- **GOAL OF THE EXERCISE**
Would you copy out the following entries exactly, without any of the pictures?

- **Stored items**
◇ ◇ ◇ ◇ ◇

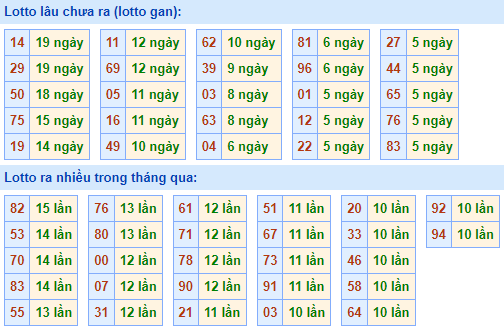 Bảng tần suất lô tô MB hôm nay ngày 14/12/2022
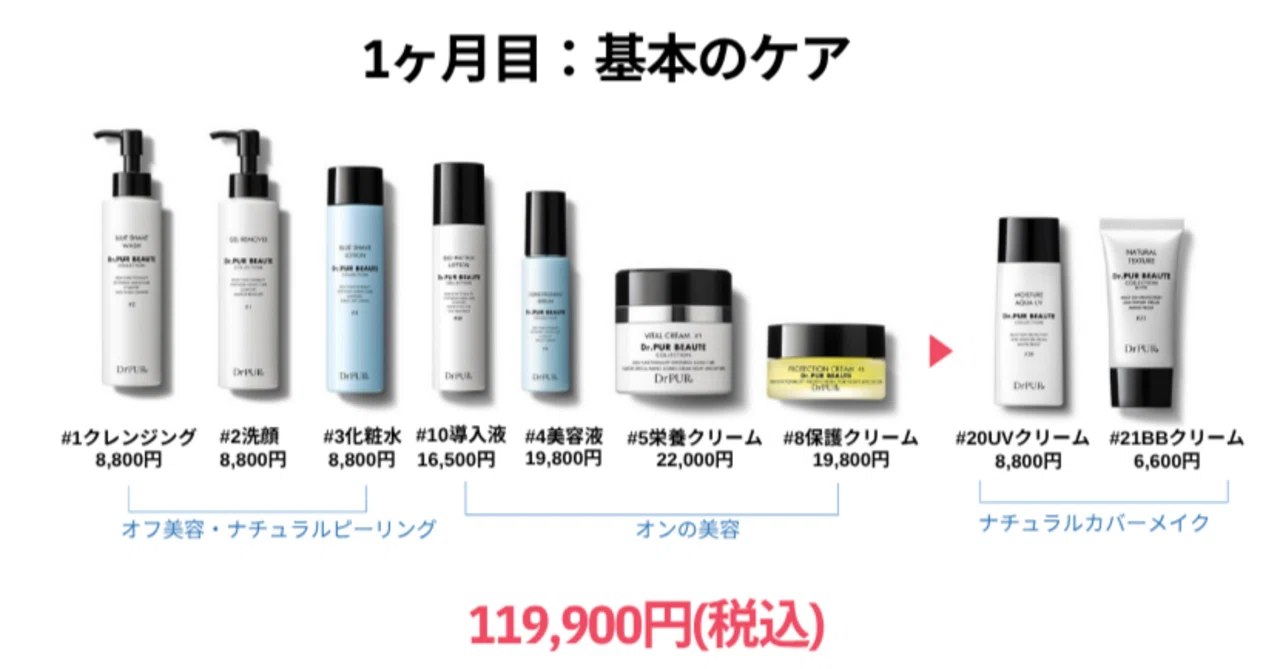 ドクターピュールボーテ #1,#2,#3 【公式通販】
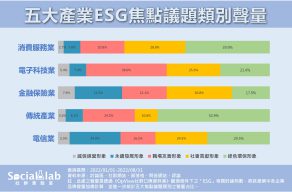 五大產業ESG焦點議題類別聲量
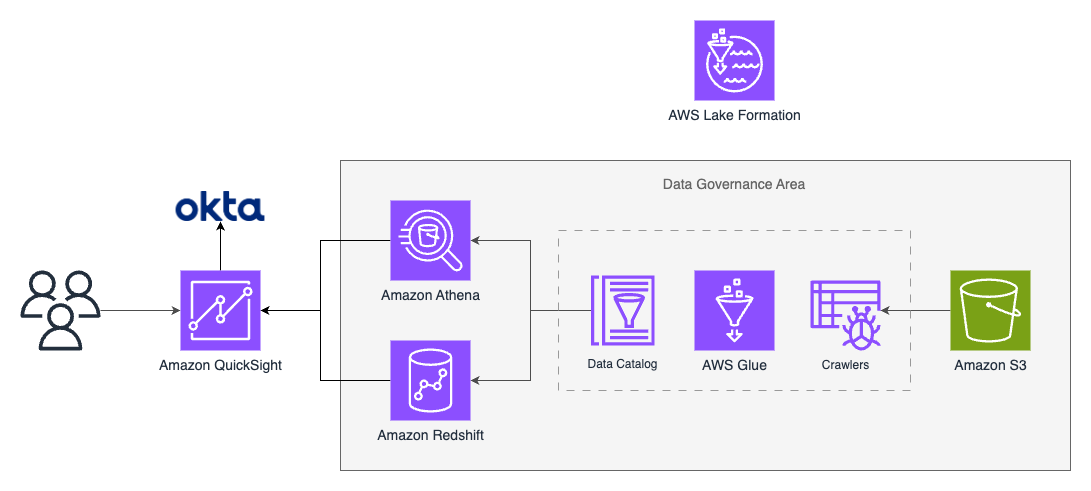 architecture diagram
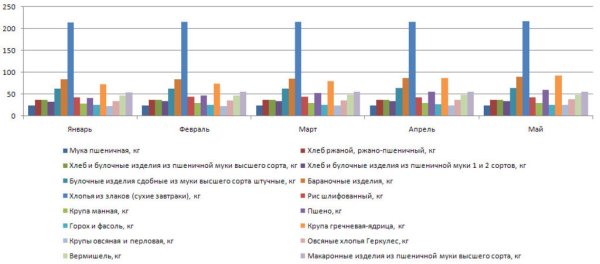 Средние цены на крупы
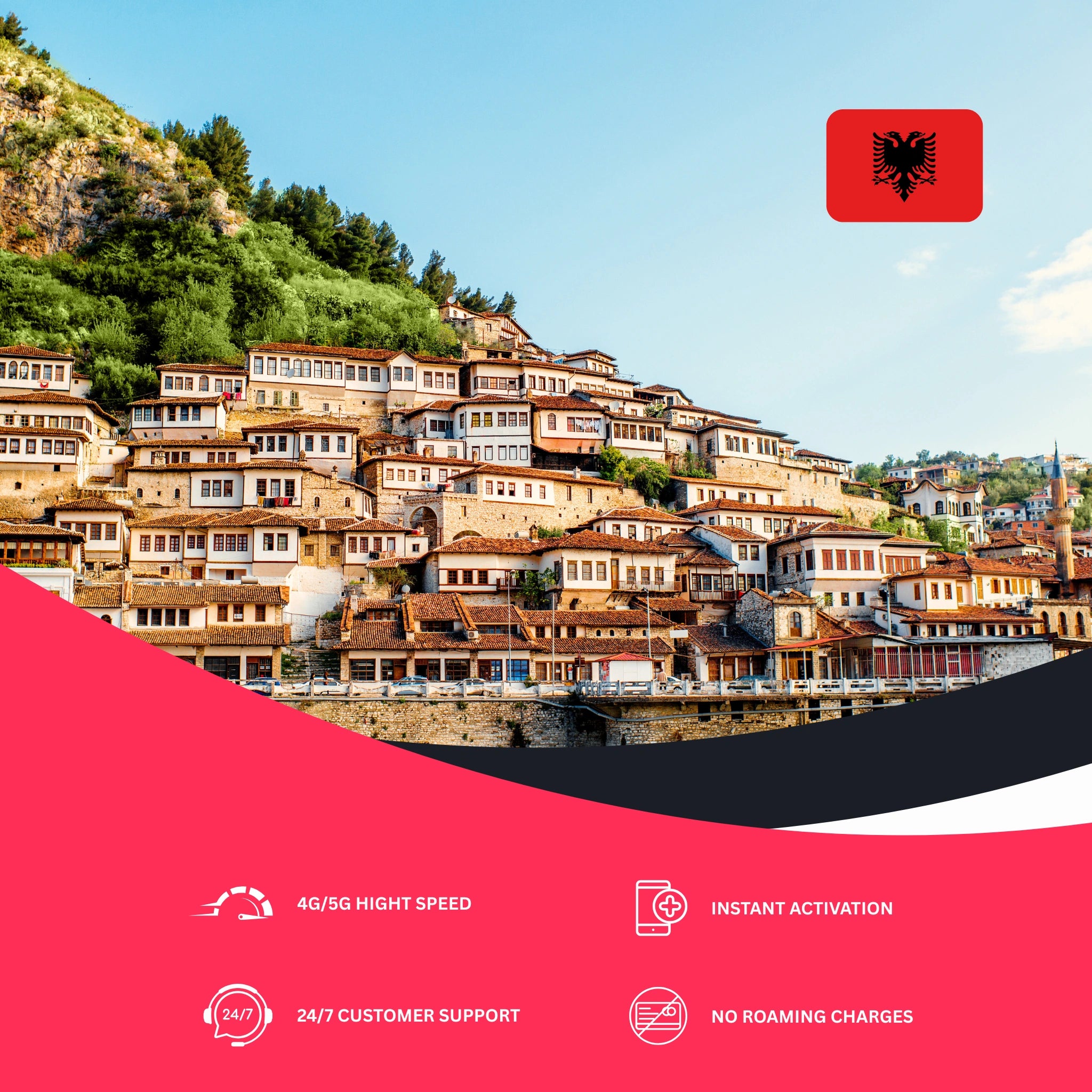 esim for Albania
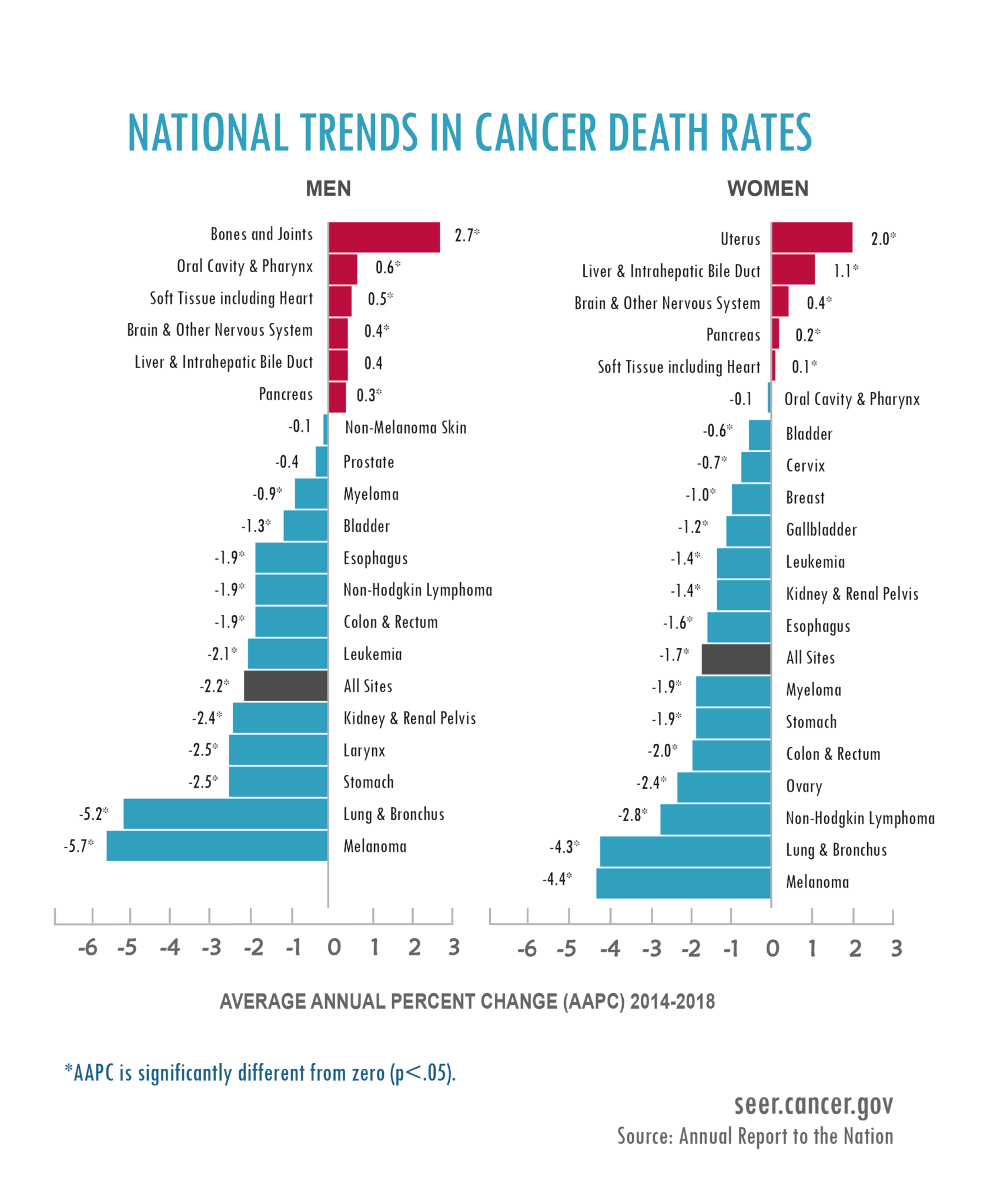 We are not “losing the war on cancer” (belated 2021 edition) | Science ...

◇ ◇ ◇ ◇ ◇

- **ANSWER TO THIS EXERCISE**
 Bảng tần suất lô tô MB hôm nay ngày 14/12/2022
 ドクターピュールボーテ #1,#2,#3 【公式通販】
 五大產業ESG焦點議題類別聲量
 architecture diagram
 Средние цены на крупы
 esim for Albania
 We are not “losing the war on cancer” (belated 2021 edition) | Science ...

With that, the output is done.